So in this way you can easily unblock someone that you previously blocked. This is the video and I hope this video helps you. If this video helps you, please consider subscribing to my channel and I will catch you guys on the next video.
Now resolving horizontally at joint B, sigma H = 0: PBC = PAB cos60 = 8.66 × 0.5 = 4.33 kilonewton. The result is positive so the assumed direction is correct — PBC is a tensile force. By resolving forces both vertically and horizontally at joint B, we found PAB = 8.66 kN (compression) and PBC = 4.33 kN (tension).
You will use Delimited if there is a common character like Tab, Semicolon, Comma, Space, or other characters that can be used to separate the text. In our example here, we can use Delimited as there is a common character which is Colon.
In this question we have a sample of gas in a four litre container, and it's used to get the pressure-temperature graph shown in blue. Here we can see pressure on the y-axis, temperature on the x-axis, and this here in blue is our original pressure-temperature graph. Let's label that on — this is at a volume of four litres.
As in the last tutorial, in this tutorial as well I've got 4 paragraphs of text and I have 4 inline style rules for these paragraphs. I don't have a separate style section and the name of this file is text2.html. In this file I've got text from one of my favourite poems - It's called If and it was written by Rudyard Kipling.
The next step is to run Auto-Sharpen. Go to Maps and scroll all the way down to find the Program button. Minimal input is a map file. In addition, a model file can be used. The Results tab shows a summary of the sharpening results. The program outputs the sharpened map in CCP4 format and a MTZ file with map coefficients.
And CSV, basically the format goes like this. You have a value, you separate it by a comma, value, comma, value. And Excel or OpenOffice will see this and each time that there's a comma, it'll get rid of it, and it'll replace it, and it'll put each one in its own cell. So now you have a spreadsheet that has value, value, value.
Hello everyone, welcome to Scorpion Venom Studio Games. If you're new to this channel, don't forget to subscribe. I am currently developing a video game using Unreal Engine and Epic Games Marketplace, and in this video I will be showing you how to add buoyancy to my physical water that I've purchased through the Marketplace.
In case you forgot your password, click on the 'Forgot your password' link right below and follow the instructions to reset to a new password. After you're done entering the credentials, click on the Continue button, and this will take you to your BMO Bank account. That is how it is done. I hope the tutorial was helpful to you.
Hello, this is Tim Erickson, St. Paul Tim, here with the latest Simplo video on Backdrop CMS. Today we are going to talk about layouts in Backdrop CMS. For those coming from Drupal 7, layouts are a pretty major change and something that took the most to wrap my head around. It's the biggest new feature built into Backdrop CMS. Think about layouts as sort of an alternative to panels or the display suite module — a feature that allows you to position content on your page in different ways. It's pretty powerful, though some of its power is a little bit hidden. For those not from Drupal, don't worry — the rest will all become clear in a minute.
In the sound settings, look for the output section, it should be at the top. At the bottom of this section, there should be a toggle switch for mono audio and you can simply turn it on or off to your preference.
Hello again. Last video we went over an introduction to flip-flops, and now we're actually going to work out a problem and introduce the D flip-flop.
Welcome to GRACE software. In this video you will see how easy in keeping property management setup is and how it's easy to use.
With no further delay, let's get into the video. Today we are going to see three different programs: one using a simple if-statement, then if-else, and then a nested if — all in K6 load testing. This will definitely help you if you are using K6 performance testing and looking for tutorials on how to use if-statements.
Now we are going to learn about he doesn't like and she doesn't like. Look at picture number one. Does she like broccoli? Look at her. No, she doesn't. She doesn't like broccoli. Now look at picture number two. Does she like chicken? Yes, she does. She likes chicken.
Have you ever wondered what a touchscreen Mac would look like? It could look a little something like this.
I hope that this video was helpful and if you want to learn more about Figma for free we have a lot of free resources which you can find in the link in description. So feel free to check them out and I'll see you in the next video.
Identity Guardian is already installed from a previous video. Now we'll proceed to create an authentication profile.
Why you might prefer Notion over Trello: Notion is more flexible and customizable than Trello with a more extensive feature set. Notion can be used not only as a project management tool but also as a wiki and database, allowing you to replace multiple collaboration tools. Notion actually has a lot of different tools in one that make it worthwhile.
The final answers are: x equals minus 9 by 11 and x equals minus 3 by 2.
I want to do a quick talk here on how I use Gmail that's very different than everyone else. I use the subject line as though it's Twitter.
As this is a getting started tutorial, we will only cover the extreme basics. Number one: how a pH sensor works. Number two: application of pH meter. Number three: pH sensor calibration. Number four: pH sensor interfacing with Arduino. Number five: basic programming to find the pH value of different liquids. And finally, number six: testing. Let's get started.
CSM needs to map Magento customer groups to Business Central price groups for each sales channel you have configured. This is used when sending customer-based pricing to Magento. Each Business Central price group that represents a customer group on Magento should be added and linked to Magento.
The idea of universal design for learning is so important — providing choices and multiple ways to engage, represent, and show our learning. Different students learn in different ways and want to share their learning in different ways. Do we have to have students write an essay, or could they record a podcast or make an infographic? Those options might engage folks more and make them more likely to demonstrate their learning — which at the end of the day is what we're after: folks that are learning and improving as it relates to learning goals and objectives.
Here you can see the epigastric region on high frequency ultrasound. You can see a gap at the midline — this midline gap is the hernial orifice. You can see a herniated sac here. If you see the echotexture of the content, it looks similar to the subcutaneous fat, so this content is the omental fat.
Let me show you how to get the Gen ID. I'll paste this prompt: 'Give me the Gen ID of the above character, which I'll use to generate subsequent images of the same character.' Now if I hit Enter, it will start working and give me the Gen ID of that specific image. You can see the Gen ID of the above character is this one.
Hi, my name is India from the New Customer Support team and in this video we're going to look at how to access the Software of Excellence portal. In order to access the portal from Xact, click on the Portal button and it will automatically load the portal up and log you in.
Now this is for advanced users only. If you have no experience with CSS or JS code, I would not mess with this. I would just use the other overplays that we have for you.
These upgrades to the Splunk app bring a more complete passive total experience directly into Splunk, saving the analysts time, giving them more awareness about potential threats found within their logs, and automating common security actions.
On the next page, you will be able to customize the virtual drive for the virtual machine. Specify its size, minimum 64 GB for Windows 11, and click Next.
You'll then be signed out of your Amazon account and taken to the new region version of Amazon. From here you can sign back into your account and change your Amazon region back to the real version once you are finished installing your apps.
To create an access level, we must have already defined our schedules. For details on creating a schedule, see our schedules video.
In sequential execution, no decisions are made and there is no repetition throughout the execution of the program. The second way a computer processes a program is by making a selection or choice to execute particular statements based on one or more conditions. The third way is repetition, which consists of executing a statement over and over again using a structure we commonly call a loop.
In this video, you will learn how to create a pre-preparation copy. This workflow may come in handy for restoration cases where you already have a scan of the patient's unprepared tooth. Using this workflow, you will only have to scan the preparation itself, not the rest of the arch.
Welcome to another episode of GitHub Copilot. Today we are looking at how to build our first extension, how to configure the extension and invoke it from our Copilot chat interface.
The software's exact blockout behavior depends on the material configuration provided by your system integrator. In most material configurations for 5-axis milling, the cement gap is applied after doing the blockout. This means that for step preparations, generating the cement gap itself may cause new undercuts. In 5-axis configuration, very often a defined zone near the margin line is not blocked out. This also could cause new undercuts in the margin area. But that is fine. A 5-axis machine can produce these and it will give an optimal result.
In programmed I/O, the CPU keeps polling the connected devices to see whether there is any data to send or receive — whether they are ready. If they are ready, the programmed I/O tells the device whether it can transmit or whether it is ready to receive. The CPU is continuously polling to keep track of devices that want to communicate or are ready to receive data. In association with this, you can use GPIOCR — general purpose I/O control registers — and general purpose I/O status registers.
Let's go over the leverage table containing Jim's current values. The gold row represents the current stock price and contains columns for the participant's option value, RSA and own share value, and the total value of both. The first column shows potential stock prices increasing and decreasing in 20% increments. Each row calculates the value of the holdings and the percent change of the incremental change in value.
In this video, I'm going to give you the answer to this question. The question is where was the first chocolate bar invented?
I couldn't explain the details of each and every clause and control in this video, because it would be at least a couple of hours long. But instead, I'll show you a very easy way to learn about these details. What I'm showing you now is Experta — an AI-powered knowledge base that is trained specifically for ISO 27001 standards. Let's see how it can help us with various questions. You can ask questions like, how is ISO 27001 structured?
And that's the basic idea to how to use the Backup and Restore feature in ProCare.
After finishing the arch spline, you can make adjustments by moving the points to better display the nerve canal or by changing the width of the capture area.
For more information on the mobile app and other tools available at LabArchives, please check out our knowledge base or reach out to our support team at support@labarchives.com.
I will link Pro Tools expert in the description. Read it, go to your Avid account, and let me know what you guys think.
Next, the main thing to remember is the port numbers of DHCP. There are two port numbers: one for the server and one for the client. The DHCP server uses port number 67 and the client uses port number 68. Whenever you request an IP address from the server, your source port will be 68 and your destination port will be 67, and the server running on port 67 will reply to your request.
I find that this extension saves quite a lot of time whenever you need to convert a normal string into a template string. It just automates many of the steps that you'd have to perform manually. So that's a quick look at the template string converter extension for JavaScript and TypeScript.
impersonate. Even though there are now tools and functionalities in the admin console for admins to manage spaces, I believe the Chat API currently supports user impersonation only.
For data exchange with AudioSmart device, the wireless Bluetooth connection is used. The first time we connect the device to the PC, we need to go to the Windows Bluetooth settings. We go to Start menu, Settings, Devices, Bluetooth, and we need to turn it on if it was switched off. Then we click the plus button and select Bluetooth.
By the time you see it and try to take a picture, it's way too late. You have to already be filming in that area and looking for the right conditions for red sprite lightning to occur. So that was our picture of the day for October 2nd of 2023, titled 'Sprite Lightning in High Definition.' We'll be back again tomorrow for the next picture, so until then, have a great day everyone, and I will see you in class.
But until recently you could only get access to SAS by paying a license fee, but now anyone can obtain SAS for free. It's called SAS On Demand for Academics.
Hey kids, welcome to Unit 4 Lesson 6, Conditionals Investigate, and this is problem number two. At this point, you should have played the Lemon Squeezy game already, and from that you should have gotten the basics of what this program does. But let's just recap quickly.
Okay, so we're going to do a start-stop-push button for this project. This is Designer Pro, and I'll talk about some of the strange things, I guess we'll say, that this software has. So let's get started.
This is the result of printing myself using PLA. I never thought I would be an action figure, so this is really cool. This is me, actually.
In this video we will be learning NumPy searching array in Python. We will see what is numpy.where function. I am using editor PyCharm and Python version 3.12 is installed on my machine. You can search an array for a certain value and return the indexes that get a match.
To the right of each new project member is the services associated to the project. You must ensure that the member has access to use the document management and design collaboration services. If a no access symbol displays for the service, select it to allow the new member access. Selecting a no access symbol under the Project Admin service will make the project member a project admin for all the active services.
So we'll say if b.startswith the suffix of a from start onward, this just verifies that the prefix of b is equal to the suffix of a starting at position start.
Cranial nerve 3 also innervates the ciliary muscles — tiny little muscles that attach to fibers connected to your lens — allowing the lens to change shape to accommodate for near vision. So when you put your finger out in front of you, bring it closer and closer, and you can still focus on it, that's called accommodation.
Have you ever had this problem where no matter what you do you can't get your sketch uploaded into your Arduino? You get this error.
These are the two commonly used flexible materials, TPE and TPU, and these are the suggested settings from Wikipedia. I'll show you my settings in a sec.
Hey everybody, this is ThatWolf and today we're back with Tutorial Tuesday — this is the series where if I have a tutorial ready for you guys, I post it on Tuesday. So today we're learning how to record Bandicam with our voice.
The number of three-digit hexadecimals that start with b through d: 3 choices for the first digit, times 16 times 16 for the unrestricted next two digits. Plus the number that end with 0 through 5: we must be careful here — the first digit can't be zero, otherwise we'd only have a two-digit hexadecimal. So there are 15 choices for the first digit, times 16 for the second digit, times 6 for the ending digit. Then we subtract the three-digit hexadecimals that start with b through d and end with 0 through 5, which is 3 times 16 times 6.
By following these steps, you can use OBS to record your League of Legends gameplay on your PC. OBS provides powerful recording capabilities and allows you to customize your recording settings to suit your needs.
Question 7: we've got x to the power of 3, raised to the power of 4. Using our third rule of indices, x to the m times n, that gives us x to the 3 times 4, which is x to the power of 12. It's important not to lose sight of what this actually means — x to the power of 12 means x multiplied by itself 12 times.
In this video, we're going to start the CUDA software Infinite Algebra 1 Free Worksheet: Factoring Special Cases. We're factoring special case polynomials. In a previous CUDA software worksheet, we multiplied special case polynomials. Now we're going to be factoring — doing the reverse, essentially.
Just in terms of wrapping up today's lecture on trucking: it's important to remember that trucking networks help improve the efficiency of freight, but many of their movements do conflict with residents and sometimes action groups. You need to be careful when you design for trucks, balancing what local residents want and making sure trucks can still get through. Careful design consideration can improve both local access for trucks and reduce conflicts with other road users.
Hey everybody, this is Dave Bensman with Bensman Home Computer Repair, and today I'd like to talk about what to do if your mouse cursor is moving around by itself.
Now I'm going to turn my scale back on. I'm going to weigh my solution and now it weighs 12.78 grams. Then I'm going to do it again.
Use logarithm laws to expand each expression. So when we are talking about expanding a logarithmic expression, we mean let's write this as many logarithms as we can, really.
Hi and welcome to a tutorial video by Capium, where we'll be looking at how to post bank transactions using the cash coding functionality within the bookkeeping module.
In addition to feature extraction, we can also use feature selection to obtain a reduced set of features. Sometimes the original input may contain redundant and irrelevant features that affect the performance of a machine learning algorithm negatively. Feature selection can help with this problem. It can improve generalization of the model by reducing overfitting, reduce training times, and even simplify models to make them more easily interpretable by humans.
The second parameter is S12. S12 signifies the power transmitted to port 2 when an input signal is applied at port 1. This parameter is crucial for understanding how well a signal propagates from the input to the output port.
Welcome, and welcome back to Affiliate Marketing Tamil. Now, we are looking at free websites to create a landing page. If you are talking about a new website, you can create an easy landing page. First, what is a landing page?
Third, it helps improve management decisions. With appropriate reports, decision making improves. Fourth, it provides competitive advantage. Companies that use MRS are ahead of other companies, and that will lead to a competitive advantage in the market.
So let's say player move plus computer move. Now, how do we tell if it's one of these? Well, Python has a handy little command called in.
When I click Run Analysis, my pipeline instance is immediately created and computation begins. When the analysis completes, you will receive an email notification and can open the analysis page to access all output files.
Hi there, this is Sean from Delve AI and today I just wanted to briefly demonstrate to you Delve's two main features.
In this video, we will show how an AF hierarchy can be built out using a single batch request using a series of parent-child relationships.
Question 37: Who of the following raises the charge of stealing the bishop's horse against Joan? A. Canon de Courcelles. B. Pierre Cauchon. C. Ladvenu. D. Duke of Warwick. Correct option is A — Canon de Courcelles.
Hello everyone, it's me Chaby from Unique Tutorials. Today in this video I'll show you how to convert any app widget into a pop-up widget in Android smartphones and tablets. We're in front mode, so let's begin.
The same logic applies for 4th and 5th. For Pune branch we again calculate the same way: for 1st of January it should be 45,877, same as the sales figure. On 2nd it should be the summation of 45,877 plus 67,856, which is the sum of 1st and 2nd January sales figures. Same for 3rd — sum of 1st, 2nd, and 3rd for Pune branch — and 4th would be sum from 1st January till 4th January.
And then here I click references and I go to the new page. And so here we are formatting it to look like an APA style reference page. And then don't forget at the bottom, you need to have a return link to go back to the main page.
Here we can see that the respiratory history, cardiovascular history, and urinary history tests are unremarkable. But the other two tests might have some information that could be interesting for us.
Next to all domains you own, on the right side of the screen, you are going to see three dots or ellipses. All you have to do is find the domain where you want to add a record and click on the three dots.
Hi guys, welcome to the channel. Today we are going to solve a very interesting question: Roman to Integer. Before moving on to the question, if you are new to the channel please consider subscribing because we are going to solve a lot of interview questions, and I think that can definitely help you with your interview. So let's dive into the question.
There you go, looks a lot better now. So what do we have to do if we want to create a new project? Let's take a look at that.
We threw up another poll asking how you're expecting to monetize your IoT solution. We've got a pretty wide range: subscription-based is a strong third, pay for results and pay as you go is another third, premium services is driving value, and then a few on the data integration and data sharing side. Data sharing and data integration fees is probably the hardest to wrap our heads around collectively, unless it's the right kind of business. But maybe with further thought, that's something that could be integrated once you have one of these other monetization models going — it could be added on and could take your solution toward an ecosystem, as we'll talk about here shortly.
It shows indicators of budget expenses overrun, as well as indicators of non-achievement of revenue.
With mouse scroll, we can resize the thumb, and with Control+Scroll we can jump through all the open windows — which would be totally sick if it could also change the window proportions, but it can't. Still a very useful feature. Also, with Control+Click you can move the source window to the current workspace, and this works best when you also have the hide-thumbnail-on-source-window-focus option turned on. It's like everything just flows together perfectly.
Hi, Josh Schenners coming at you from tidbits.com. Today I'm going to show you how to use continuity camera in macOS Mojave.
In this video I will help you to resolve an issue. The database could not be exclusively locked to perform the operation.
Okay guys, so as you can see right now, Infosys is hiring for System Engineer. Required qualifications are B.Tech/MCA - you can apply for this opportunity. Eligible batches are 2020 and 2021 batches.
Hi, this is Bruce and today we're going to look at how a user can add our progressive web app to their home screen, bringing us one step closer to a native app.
******************************
* Work task:
State how many lines in the material include the string "selection". Nothing other than the number is wanted.

* Output for this exercise:
2